**Work to complete**
From the listing below, copy only the lines running from the line that contains "Imagen del partido entre Tizona y Menorca." to the line that contains "Дела коммунальные: на", both included.

**Dataset entries**
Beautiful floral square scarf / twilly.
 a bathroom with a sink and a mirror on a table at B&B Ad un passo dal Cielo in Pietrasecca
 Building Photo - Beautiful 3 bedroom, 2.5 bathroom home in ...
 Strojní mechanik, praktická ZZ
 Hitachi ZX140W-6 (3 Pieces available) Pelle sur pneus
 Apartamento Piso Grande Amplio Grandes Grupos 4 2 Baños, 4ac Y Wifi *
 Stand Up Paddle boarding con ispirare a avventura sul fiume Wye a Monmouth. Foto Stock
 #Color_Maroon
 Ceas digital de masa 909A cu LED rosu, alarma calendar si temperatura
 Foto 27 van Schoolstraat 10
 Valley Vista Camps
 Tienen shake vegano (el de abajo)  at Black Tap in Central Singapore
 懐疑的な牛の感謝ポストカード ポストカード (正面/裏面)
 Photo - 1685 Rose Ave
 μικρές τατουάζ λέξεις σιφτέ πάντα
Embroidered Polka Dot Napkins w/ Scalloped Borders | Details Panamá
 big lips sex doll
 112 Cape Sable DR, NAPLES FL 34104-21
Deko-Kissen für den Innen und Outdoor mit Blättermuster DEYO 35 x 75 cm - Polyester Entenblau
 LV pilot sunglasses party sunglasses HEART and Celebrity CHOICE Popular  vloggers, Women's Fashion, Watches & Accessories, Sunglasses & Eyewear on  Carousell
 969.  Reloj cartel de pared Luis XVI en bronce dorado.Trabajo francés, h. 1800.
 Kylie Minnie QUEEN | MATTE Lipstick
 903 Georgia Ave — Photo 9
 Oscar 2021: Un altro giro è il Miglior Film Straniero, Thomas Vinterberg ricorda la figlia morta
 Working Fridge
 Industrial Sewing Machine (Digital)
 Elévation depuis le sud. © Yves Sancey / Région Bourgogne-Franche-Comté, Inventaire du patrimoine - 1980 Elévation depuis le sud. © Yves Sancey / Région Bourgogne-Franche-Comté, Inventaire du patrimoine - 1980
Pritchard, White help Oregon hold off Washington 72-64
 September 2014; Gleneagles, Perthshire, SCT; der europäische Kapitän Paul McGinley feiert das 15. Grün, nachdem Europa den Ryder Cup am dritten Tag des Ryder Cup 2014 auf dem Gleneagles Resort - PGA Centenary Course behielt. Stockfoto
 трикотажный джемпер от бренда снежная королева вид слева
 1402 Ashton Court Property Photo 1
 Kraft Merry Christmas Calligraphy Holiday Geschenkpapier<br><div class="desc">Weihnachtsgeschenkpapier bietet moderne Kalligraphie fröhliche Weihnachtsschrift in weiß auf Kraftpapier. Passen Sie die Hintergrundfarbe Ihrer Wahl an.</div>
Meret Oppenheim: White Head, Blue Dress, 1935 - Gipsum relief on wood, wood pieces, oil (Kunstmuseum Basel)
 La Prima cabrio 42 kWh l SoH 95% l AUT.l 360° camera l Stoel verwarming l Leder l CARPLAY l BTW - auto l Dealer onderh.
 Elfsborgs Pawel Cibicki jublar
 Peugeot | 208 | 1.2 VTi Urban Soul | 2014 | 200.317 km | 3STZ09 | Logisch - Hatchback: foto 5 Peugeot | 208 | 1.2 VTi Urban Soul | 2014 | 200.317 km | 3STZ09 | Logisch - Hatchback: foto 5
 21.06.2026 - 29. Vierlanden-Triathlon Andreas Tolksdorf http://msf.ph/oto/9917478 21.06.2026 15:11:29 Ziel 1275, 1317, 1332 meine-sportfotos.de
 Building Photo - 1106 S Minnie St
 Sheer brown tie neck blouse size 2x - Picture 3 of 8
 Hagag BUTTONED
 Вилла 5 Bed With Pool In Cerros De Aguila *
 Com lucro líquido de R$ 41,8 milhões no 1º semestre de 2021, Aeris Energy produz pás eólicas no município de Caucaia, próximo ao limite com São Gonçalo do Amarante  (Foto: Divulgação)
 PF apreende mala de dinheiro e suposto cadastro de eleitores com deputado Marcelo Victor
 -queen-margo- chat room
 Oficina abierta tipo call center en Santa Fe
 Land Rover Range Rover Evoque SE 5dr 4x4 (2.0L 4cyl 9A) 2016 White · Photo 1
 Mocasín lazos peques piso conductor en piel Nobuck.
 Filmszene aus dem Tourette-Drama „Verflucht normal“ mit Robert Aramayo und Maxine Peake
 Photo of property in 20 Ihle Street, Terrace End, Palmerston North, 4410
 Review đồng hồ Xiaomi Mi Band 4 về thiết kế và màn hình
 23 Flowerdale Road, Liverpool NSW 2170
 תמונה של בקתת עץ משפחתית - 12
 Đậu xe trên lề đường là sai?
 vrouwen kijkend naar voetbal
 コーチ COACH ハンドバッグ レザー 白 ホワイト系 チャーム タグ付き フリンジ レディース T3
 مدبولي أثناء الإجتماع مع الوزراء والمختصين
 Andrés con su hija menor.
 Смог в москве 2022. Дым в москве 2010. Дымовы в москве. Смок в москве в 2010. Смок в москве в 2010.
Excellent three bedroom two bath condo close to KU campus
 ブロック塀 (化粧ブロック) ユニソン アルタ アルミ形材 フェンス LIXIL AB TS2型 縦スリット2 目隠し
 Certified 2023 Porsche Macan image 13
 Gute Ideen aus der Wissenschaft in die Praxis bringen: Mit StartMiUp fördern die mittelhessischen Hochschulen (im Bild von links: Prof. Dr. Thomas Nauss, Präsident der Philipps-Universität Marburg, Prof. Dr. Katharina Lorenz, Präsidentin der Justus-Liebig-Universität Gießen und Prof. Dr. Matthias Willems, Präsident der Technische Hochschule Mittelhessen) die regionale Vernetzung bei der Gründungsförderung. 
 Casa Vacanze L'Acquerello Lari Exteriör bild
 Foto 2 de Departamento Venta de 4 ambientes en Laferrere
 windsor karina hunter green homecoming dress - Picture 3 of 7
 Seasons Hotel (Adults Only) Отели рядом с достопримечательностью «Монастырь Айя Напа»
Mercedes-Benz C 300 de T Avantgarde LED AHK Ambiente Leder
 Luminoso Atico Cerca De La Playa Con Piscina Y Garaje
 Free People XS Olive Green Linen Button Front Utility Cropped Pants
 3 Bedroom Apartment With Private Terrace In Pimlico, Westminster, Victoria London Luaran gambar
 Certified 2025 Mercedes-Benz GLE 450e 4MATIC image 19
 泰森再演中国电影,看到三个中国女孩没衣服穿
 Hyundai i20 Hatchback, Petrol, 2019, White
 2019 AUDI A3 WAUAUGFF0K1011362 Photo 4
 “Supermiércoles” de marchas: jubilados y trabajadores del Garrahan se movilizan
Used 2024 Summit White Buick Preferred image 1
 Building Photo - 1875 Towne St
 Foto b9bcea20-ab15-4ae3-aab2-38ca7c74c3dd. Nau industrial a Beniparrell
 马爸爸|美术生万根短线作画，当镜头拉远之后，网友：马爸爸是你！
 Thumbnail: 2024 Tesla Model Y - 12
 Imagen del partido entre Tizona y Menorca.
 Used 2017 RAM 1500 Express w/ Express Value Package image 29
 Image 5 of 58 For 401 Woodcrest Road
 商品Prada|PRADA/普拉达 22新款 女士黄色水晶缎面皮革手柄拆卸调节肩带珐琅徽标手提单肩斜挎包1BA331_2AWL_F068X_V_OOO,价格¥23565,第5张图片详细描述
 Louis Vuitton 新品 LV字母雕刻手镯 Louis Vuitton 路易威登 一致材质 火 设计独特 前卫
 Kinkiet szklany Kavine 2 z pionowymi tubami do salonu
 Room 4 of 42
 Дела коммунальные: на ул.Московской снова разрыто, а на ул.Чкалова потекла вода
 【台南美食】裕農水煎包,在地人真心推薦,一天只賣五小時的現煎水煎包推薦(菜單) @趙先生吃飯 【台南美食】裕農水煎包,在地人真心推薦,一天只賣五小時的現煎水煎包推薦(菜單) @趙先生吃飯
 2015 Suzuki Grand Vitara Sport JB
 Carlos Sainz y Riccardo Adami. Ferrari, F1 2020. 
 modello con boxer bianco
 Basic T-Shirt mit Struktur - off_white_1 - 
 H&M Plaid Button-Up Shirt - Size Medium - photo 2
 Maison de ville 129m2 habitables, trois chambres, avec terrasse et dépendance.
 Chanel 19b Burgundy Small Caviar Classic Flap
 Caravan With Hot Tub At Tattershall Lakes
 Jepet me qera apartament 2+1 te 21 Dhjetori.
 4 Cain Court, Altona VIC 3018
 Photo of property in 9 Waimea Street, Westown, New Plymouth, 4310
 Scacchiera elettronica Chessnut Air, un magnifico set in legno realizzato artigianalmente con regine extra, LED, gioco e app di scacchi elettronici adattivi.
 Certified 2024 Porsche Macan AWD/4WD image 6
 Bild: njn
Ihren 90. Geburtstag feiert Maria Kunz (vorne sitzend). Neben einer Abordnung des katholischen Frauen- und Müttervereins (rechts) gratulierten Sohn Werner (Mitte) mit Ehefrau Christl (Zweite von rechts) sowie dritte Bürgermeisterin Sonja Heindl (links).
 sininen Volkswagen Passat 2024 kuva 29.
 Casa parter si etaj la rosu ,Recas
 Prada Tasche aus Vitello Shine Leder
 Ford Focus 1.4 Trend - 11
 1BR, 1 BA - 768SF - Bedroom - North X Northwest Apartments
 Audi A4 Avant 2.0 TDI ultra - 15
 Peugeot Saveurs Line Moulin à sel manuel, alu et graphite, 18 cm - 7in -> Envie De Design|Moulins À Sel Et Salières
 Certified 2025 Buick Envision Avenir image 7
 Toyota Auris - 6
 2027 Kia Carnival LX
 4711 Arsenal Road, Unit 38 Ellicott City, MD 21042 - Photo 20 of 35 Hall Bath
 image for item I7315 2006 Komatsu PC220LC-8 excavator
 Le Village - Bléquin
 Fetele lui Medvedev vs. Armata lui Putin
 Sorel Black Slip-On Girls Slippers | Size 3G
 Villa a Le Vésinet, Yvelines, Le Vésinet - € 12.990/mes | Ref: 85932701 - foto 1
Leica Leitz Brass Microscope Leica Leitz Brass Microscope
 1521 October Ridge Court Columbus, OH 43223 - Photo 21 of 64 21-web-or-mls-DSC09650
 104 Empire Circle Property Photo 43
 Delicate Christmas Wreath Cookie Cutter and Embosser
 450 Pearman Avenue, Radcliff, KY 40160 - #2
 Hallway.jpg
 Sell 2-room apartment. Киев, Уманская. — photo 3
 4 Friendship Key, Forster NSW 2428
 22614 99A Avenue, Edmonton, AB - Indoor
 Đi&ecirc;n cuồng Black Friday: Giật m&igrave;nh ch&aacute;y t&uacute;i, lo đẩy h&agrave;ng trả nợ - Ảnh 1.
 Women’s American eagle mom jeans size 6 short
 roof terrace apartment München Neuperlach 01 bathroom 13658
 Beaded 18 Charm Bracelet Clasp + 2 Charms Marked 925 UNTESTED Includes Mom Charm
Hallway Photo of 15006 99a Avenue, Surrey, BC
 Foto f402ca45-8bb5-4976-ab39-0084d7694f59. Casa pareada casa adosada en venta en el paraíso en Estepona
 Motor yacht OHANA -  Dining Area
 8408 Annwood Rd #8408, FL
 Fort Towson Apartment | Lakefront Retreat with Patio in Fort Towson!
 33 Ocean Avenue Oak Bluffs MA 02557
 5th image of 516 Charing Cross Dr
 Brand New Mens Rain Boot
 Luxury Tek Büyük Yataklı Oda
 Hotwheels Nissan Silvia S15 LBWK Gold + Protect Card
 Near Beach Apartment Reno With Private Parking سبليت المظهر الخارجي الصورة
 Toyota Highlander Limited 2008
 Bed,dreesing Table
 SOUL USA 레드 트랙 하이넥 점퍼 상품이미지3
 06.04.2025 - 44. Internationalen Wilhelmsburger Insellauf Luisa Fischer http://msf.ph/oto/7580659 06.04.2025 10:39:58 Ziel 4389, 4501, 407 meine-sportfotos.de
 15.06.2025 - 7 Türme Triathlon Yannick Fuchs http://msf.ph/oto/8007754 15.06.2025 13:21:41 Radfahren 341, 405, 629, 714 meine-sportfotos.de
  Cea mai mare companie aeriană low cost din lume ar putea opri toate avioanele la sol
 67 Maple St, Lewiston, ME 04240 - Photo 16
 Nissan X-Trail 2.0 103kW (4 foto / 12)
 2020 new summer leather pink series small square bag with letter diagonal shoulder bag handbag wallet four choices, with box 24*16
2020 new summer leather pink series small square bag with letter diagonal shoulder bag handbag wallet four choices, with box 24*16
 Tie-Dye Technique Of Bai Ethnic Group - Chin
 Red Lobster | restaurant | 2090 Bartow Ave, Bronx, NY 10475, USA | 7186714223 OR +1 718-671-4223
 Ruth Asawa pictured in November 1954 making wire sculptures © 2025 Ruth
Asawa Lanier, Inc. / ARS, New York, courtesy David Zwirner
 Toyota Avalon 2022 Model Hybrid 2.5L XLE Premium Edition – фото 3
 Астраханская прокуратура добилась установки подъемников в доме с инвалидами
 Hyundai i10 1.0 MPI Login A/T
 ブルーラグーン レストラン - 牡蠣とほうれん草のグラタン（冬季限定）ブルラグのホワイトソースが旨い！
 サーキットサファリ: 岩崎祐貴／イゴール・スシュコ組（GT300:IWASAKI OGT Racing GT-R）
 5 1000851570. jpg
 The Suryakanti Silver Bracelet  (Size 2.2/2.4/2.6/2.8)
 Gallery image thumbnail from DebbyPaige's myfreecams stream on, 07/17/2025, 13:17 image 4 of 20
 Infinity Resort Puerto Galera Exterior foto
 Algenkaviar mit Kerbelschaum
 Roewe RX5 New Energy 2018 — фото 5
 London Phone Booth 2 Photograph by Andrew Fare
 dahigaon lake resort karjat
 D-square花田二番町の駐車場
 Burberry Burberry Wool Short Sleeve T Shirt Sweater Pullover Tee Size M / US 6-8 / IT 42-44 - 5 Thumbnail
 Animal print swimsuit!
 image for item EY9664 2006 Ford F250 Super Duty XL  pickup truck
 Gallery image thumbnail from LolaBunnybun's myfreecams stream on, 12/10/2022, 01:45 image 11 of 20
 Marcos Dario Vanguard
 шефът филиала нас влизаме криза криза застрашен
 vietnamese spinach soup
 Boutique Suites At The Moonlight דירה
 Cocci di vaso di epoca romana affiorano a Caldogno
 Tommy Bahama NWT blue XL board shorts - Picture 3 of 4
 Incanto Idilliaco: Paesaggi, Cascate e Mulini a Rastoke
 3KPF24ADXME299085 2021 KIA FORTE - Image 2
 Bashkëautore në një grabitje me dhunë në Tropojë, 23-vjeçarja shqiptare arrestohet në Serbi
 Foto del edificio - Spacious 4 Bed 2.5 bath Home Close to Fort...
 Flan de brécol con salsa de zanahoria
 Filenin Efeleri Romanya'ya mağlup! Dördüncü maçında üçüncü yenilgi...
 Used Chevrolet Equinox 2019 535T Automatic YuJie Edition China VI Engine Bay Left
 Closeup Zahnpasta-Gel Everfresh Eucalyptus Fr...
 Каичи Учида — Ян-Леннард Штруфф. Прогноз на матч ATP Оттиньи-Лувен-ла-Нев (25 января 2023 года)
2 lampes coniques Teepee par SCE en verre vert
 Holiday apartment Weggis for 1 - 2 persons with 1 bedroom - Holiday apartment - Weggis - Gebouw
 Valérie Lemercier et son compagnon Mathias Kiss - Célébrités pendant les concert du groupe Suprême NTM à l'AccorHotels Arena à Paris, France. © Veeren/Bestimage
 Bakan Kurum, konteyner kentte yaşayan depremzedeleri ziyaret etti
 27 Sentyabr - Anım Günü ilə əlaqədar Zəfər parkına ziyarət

**Exercise response**
 Imagen del partido entre Tizona y Menorca.
 Used 2017 RAM 1500 Express w/ Express Value Package image 29
 Image 5 of 58 For 401 Woodcrest Road
 商品Prada|PRADA/普拉达 22新款 女士黄色水晶缎面皮革手柄拆卸调节肩带珐琅徽标手提单肩斜挎包1BA331_2AWL_F068X_V_OOO,价格¥23565,第5张图片详细描述
 Louis Vuitton 新品 LV字母雕刻手镯 Louis Vuitton 路易威登 一致材质 火 设计独特 前卫
 Kinkiet szklany Kavine 2 z pionowymi tubami do salonu
 Room 4 of 42
 Дела коммунальные: на ул.Московской снова разрыто, а на ул.Чкалова потекла вода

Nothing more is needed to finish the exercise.